- Nintendo DS North American box art
- Developers: Blitz Games (Wii) Human Soft (Nintendo DS)
- Publisher: Activision
- Director: John Jarvis
- Designers: Mike Bithell Jonathan Tainsh Kory Vandenberg
- Programmers: Chris Bunner Duncan Chambers Andrew Hague Matthew Hayward
- Artists: Auburn Hodgson Matthew Norledge Owen Williams
- Writers: Myles McLeod Stuart Maine
- Composer: Matt Black
- Platforms: Wii, Nintendo DS
- Release: Nintendo DS NA: October 27, 2009; AU: November 6, 2009; EU: November 6, 2009; Wii NA: October 20, 2009; AU: November 6, 2009; EU: November 6, 2009;
- Genre: Party
- Modes: Single-player, multiplayer

= ICarly (video game) =

2009 video game

iCarly (or iCarly: The Game) is a 2009 party video game loosely based on the TV series of the same name. The Wii version of the game was developed by Blitz Games, while the Nintendo DS version was developed by Human Soft, with Activision publishing and Nintendo licensing both versions. The game was released in North America for the Nintendo DS on October 27, 2009, and for the Wii on October 20, 2009. Both versions were also released in Europe and Australia on November 6, 2009.

The game received a standalone sequel titled iCarly 2: iJoin the Click!, which was released for the Wii and Nintendo DS on November 16, 2010.

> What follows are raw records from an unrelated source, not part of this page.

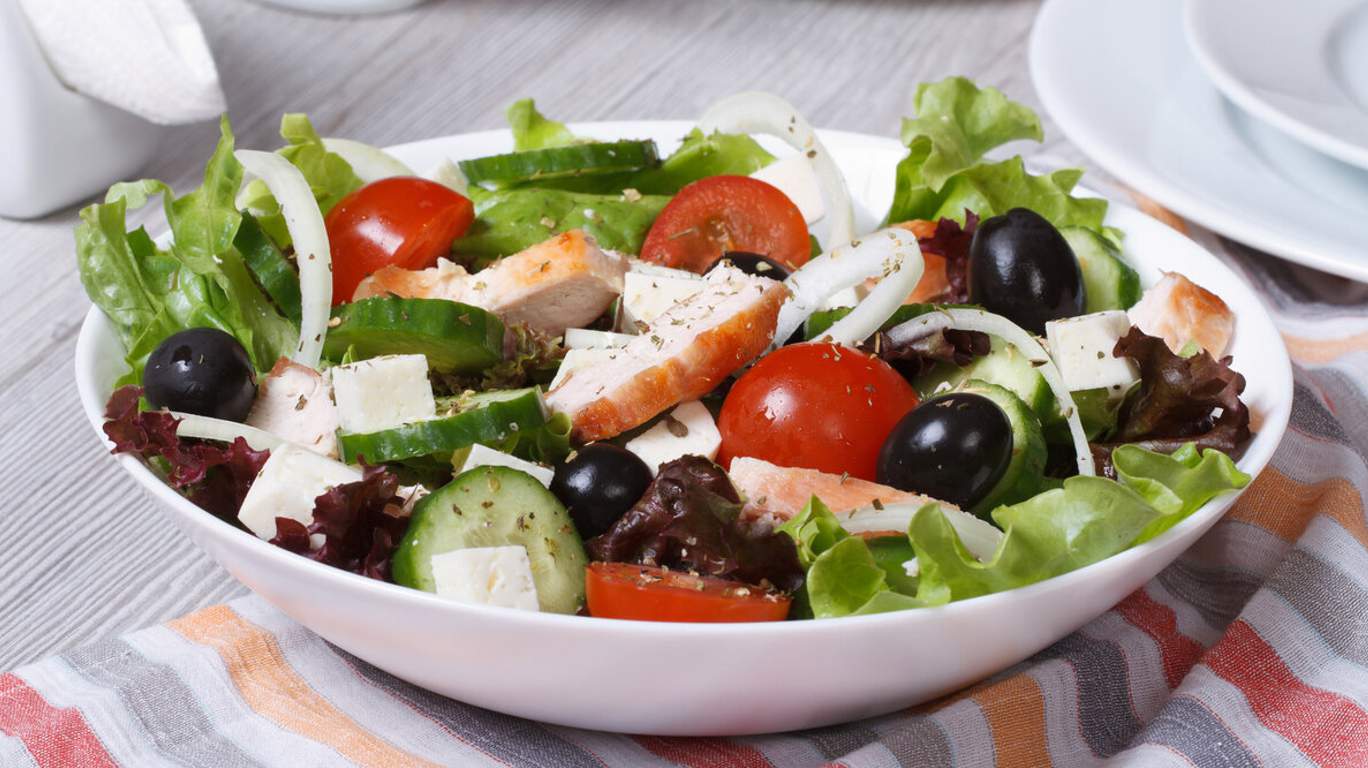 Греческий салат с брынзой и курицей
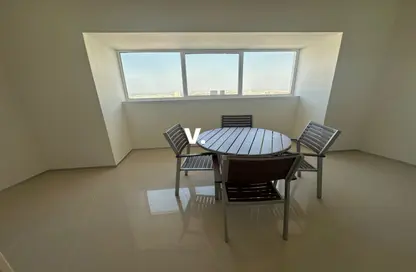 شقة - غرفة نوم - 2 حمامات للايجار في فندق أسكوت بارك - شارع الشيخ زايد - دبي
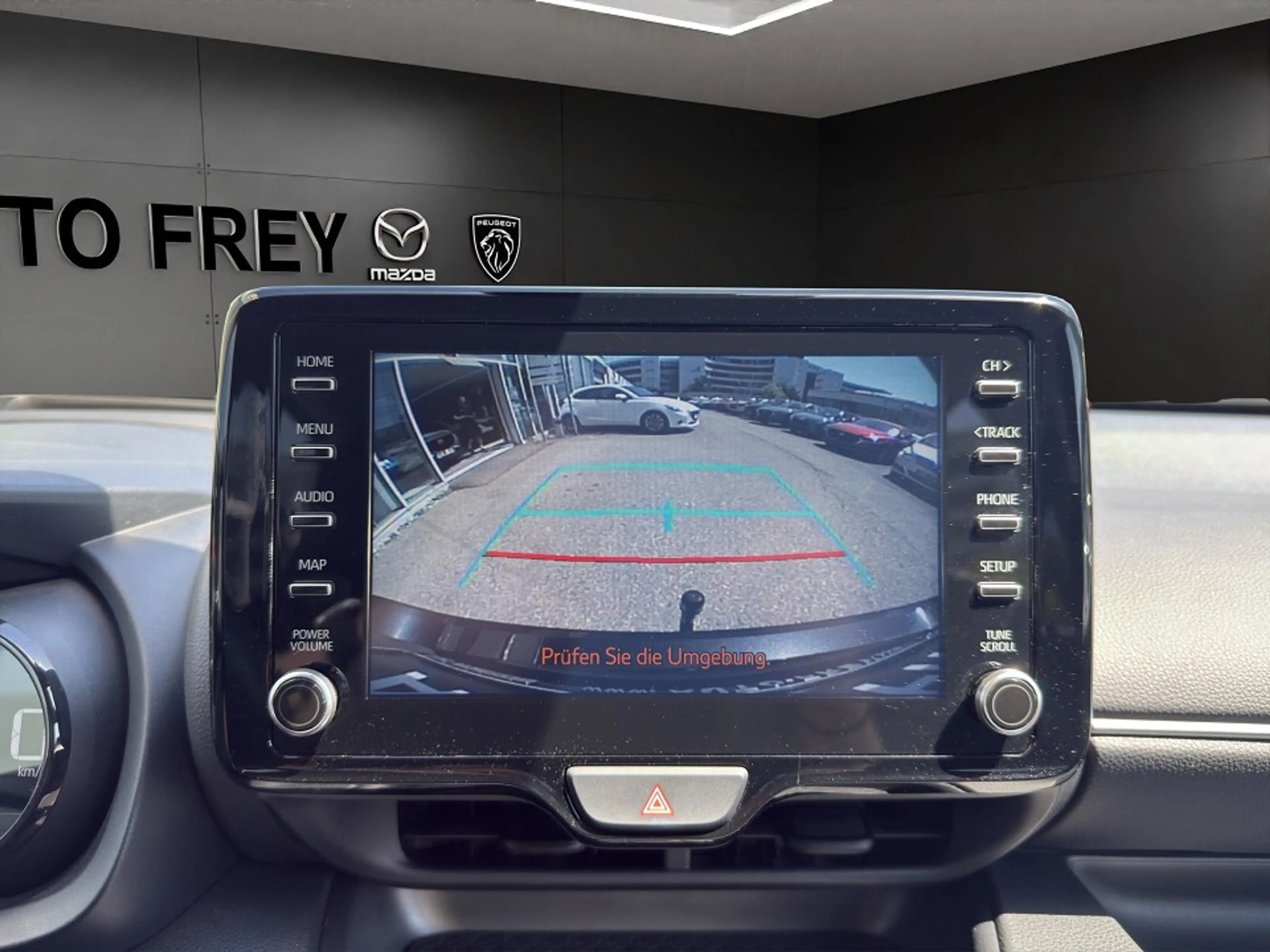 Mazda 2 Hybrid 116PS Select AT+ AHK+ACAA+HEAD-UP+KAMERA+KL — photo 14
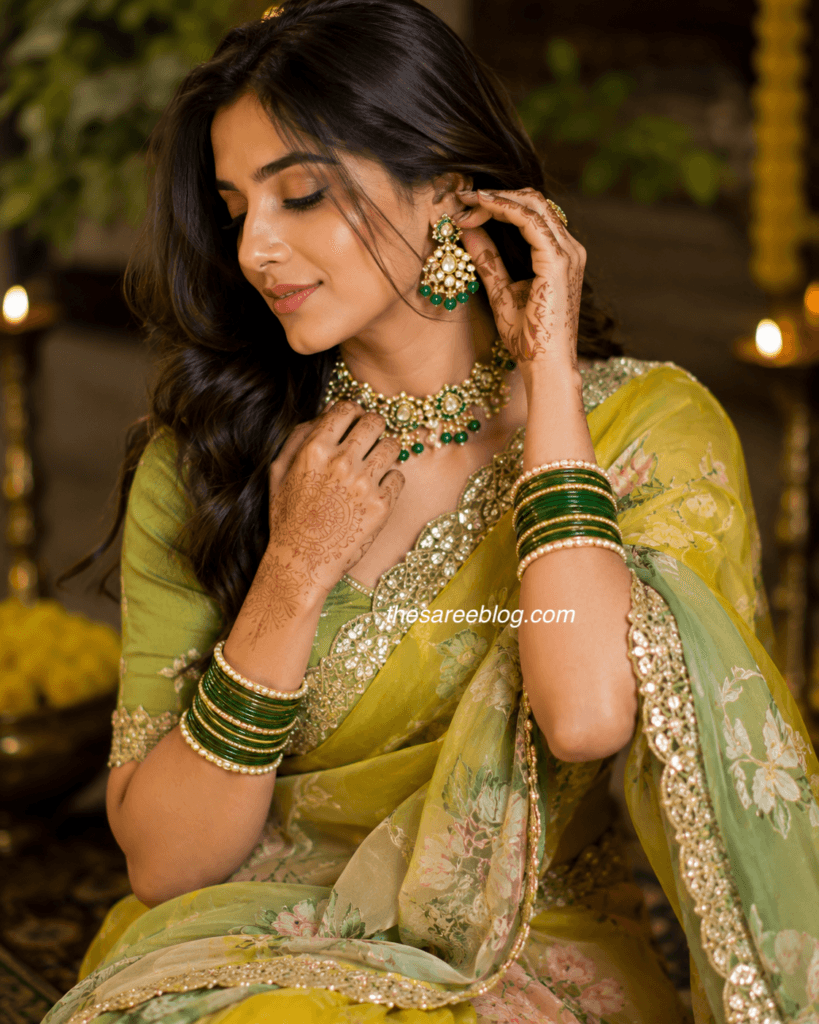 teej saree poses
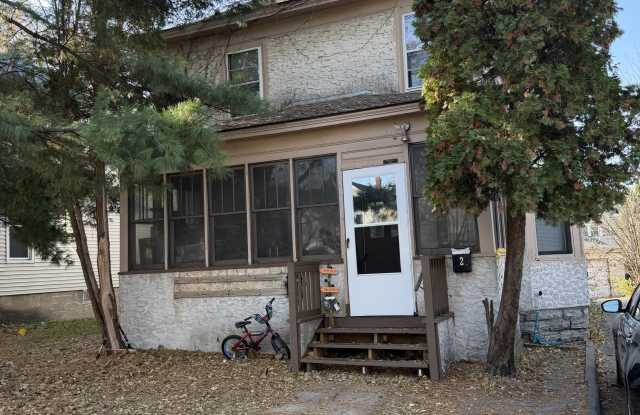 937 Clark St., 2 photos photos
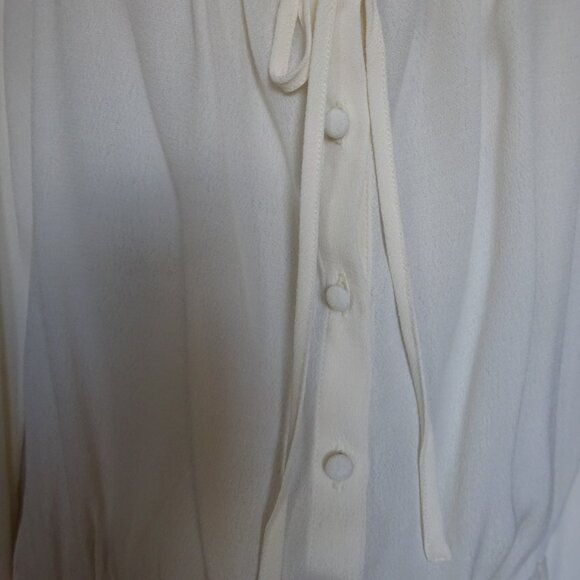 Formal Blouse Long Sleeves. - Picture 3 of 6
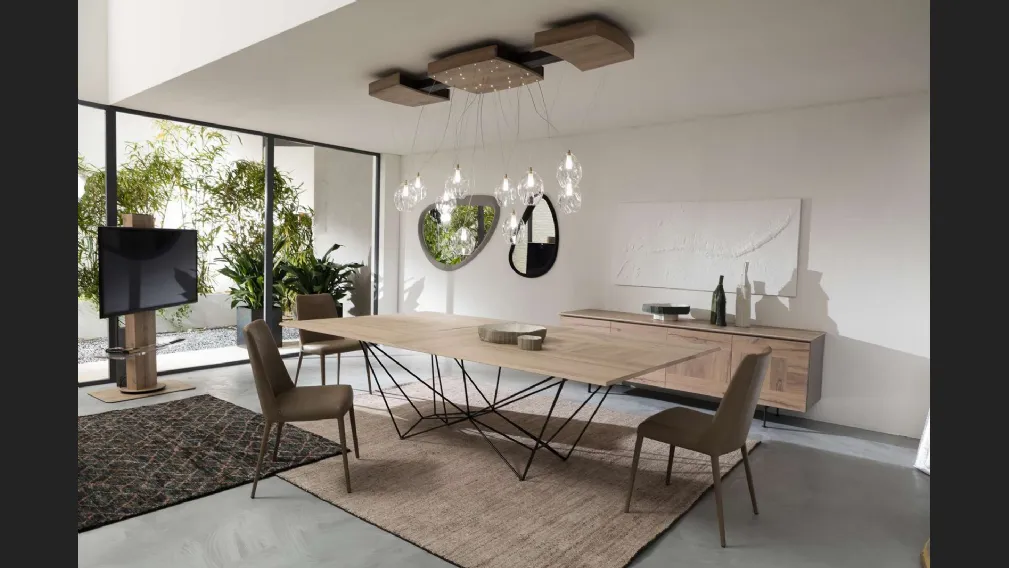 Tavolo rettangolare allungabile in Rovere con base in metallo Fil8 di Ozzio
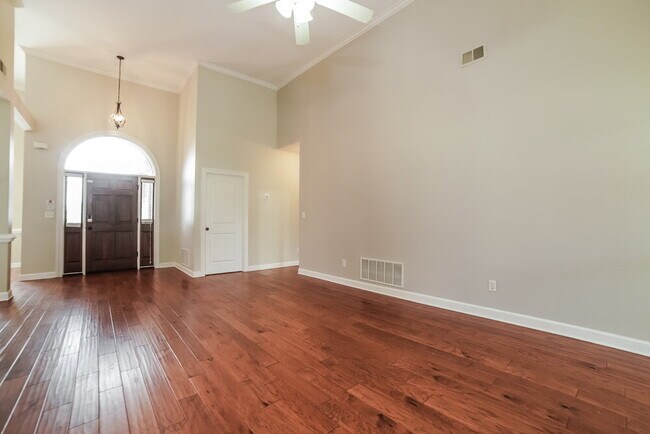 Foto del edificio - 2932 Keeley Cove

== Development and release ==
In May 2009, Activision announced they had partnered with Nickelodeon to create an iCarly game for the Wii and Nintendo DS to be released in fall of that year. The game was released in October 2009, with David Oxford of Activision Publishing describing it as "an energetic gameplay experience that is non-stop entertainment" and Steve Youngwood of Nickelodeon saying it would "tap[...] into kids' creativity to provide them with endless fun."

==Gameplay==
Based on the TV series, iCarly is about a girl named Carly Shay who creates her own web show called iCarly with her best friends Sam and Freddie. Carly's videos that are uploaded on the iCarly site are being deleted, and it turns out that Nevel has taken down their website. So Carly and her friends have to get their website back by playing 10 minigames, presented as show skits, and they allow players to work with the characters through new adventures. The iCreate mode lets players add their own touches to the webisodes by swapping out props, characters, color schemes, audio, intros, outros and other elements. Up to four players can either compete or cooperate to complete the skits and earn Web-Creds, which can then be used to purchase new items, props, accessories and locations from in-game websites.

The Wii version of the game allows for up to four players at once.

==Reception==
Common Sense Media commented in their review that the contained mini-games were "genuinely fun, easy to learn but hard to master", but that "there just aren't enough of them, which leads to a lot of repetition" Digital Spy praised the game's voice acting and story, but criticized the gameplay as "slightly repetitive", the customization as "rather surface level", the game as having "limited substance".